I agree with @greg - it's way better to do this outside of your script than inside of it. Apart from objects and packages there are many other global settings (e.g. options()
, par()
, environment variables) that won't get cleanly reset. I also highly recommend never saving or loading your workspace:
That ensures you always get a clean slate when you restart RStudio, and forces you to record all important steps in code.
I run my current analysis non-interactively on a remote server, so the first line is a shebang:
#!/apps/R/3.2.2/bin/Rscript --vanilla
(It uses a job system, so pointing to the environment doesn't work.)
Just curious, why isn't this the default setting.
I also had to "fix" various new comer issues by making them start with a fresh workspace each time.
And within a project?
If I encounter issues I restart the R session interactively to reset the environment and namespaces
Make sure you wrap most logic in functions and you will not have a lot of clutter in your global environment.
And even better, it allows you to reuse them more easily. If you have a couple of functions that belong together, combine them in a package.
I actually started making analysis packages, where the analysis itself is a vignette, the data is contained within the package and then you can also nicely declare dependencies on other packages.
It makes it easy to share your analysis with others, because everything is within the package.

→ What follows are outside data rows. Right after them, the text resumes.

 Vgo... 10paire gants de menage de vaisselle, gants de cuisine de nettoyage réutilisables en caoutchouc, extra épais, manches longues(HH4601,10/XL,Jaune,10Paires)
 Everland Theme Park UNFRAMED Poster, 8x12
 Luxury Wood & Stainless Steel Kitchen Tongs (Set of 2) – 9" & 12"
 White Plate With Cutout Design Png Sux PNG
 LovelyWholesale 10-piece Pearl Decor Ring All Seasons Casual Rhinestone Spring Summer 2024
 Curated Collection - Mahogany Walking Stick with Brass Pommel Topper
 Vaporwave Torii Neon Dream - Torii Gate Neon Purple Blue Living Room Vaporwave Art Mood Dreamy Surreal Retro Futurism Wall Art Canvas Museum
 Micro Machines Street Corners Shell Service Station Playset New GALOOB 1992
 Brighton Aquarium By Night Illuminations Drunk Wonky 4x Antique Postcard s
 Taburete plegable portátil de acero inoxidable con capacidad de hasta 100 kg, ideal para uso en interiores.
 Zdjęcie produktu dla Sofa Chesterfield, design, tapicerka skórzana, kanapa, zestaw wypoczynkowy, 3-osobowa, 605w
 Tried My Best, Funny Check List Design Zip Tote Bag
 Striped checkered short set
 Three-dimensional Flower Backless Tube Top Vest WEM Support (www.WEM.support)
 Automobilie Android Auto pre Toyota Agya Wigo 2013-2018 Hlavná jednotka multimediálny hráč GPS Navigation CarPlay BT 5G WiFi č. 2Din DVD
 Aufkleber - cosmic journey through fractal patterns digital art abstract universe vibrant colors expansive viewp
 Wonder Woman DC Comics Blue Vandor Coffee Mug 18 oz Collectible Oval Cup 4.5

(Note this might not be a great idea if your data is huge )
Are there any additional settings in RStudio that need to be tweaked to ensure that restarting R leads to a entirely clean slate? I was just working with a student and found that on his machine the Cmd-Shift-F10 restart preserved the objects in his global environment. I verified that the "Restore .RData into workspace at startup" option was unchecked and that the "Save workspace to .RData on exit" option was set to "Never," so am flummoxed as to why restarting R didn't result in an empty environment. Has anyone else encountered this? (Student had to run off to another class, so I can't provide details on his RStudio version, but can say that he was running it on a Mac.)
I like to turn scientific notation off too
Yeah, just do what the screenshot from @hadley tells you to do in settings & Cmd+Shift+F10 must be the most frequently used combo. That's pretty much it.
Is it possible you're running up against Project Options vs Global Options in RStudio? I have puzzled myself in this way with respect to other settings.
I dont use rm() as first line, and am slightly annoyed when I see others use it. It feels clutter-ish.
For most analysis projects, my first line is library(tidyverse)
This is also one of the great reasons to get familiar with packaging your analysis in an internal R package. My favourite way to deploy an analysis is to write an R package which the server then installs and runs, this helps with a few different things but one of them is that it helps you make sure that everything needed to run an analysis is present in the code. It ends up being a lot easier than it seems to get started with this stuff, and it really smooths the analysis -> sharing -> deployment curve.
I've learned a ton reading through these responses - thank you to everyone for sharing!
In all honesty, my first line is almost always a commented header with the project/script objective and the due date.
You know in rstudio you can have multiple projects up at the same time, right? Each w/ it's own global.
I never noticed that was in the desktop version before, or I might not have switched to primarily using the server.